Take heed of the advice of an old saint: '' Let every man be swift to hear, slow to speak, slow to wrath'' (The Bible, James 1:19)
If you really can do it better than others, and you don't find prior relevant work in the literature, work it out yourself and show with a nontrivial application that you can do something more efficiently than tradition. Don't exaggerate what you achieved - let the reader judge. Then submit it to a respectable journal, and people are likely to listen.
If you get negative feedback from referees, take it seriously, learn from it as much as you can. Raise your standards according to what you learn, and accomodate the criticism in your future work. The referees are usually competent and have a point in what they say. If not, it is likely that your work was presented in a fashion prone to misunderstanding - in this case formulate your results and claims more carefully, taking into account accepted tradition. It is an author's obligation to minimize the chances of misunderstanding by potential readers.

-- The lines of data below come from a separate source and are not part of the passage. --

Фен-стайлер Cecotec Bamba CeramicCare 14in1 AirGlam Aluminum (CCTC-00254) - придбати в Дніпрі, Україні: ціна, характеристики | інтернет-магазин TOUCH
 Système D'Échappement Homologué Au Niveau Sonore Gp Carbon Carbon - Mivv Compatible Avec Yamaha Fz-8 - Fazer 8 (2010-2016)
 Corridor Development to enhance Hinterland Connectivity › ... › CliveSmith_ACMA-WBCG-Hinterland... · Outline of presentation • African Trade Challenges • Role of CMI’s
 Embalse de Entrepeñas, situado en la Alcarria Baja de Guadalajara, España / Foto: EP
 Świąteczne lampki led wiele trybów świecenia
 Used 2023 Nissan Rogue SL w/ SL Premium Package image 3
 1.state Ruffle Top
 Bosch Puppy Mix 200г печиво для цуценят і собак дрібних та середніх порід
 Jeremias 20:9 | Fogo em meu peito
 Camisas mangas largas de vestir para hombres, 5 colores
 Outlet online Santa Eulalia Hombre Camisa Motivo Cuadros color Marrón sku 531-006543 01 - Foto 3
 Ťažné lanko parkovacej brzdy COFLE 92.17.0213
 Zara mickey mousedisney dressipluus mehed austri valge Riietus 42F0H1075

It takes a while to learn how to write good papers. I gained a lot from considering the referees' advice in the many papers I have written.
Even if your work is good but not mainstream, it may take persistence to publicize it properly; publishing is not enough. But publicizing does not mean boasting with great claims - this makes people suspicious and is therefore counterproductive. Be modest in your claims - claim what you can actually prove, but not what you only dream of proving one day.